Cade nel cantiere, muore imprenditore

Il 66enne teramano Andrea Suriani forse vittima di un malore, l’impresa di famiglia stava ristrutturando una palazzina
MOSCIANO. Era al lavoro, come sempre. Perchè la sua impresa di costruzione l’aveva tirata su «con il sudore della fronte» racconta chi lo conosceva. Andrea Suriani, 66 anni, noto imprenditore edile di Teramo, una vita trascorsa tra cantieri e ponteggi, è morto dopo essere precipitato da una porta finestra di una palazzina, a Mosciano. Un volo di quasi quattro metri davanti agli occhi di alcuni operai.
E’ successo ieri mattina in via Giovanni XXIII, nel cuore del centro, in un cantiere allestito per la ristrutturazione di un edificio privato. Il perchè della tragedia sarà l’indagine a chiarirlo: per ora resta il dolore della famiglia, a cominciare dai figli che con lui erano alla guida dell’impresa, e dei tantissimi che lo conoscevano. «Una persona d’altri tempi», raccontano alcuni suoi ex dipendenti, «rispettoso degli altri e sempre pronto a dare una mano a tutti. Il mestiere lo conosceva come pochi perchè aveva iniziato da giovanissimo e dal nulla aveva creato l’impresa edile di famiglia. Un gran lavoratore, una persona onesta, che nella sua vita aveva fatto tanti sacrifici. Era sempre molto attento quando era in cantiere. Non riusciamo a capire che cosa possa essere successo».

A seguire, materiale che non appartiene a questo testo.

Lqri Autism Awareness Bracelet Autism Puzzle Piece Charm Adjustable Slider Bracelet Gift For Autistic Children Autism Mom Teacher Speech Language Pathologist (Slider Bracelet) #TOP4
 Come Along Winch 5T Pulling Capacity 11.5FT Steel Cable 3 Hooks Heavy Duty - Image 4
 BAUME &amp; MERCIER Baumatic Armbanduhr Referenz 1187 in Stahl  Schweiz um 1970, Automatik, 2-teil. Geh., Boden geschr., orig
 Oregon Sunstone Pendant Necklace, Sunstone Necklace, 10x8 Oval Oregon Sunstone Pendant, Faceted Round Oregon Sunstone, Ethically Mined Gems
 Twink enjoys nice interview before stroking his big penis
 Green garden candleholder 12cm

E ad accertare la dinamica ci proveranno i carabinieri dell’ispettorato del lavoro (che ieri mattina, intervenuti sul posto con i colleghi della stazione di Mosciano, hanno avviato tutti i rilievi) e l’autopsia disposta dal pm di turno Greta Aloisi che, molto probabilmente, sarà eseguita già nella giornata di oggi. Servirà per capire se l’uomo si sia sentito male e quindi sia precipitato in seguito all’improvviso malore. La tragedia si è consumata in pochi attimi intorno alle 10.30. A quell’ora un tonfo sordo: l’imprenditore è precipitato su un terrapieno dopo essere caduto nel vuoto da una porta finestra su cui si trovava.
I soccorsi sono stati immediati: i primi ad intervenire sono stati gli altri operai che in quel momento stavano lavorando nel cantiere. L’ambulanza del 118 è arrivata in pochissimi istanti ed è stato richiesto anche l’intervento dell’elisoccorso di Pescara, ma gli operatori non hanno potuto far altro che accertare la morte molto probabilmente causata dai gravissimi traumi alla testa, I lavori sono stati fermati e il cantiere è stato sequestrato su disposizione della Procura. L’imprenditore, residente a Villa Pavone, era nato a Torano ed aveva legami di parentela anche a Sant’Egidio alla Vibrata. “Andreino”, come lo chiamavano confidenzialmente era il cugino del sindaco di Sant’Egidio Rando Angelini. «Andreino era una persona gentile, genuina e buona», ricorda Angelini, «un uomo che ha sempre lavorato e che si è fatto sempre ben volere da tutti, specie per la sua generosità. Era sposato e padre di tre figli. Una famiglia unita a cui era molto legato».